Contemporary Dance can be serious, obtuse and cerebral. Well, that may be the norm generally speaking, but there's one young company on the scene that's breaking the mold by offering choreography filled with humor and sarcasm. Monica Bill Barnes Dance Company is all about messing with your mind and messing with tradition. It takes skill to pull off comedy that is not slap sticky or sophomoric. It takes talent to make an audience believe you are a serious goofball. This company revels in doing what's not supposed to be shown in performance dance. For example: a dancer does "real" movements of turning with an extended leg behind her and then balancing off center and then kicking her leg over head. What a feat! Cool, impressive, but then this same Barnes dancer turns to the audience with a look-what-I-just-did and smiles. Tada! That's not supposed to be seen. But that's what Barnes has got going for her; she's revealing the more mundane humanity that is hidden below the surface in the magic of dance. She mixes skilled movements with everyday gestures and emotions.

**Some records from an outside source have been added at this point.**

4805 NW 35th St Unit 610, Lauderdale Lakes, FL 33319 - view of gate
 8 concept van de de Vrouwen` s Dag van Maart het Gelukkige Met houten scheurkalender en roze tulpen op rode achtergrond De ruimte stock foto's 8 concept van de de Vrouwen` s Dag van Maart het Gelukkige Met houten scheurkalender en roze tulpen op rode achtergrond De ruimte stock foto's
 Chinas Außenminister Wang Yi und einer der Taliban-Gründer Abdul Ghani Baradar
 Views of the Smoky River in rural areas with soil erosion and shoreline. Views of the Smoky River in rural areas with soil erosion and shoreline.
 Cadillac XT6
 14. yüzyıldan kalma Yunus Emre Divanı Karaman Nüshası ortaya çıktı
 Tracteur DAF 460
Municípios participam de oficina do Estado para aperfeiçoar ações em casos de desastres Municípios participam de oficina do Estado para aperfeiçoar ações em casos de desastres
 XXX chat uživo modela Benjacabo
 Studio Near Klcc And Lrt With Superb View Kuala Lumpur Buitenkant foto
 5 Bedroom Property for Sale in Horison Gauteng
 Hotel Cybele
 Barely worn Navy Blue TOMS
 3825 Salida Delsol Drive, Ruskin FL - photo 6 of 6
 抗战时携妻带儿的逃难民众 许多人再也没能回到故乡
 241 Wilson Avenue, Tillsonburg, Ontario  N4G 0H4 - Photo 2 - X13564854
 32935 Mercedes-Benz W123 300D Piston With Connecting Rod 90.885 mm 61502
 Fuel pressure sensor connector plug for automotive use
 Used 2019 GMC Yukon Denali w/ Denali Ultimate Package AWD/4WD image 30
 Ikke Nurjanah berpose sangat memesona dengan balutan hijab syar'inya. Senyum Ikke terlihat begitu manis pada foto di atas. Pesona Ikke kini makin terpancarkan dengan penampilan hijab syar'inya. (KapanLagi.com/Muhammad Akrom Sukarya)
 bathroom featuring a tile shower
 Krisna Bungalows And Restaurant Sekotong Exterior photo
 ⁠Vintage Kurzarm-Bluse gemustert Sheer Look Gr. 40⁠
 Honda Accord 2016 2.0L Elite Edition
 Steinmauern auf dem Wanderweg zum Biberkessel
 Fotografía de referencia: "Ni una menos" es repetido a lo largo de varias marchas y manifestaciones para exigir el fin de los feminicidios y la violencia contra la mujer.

At the Bates Dance Festival on Saturday night, the audience was in for an evening of the artist being non-complacent. Think of singers Bjork and Rickie Lee Jones whose style is great but weird. Or Andy Warhol who made soup cans and other regular household items into high art. Some artists have to stretch the comfort level and Barnes' unequivocal use of humor does just that. She isn't dabbling in being funny sometimes, this is who she is, and this is how she thinks.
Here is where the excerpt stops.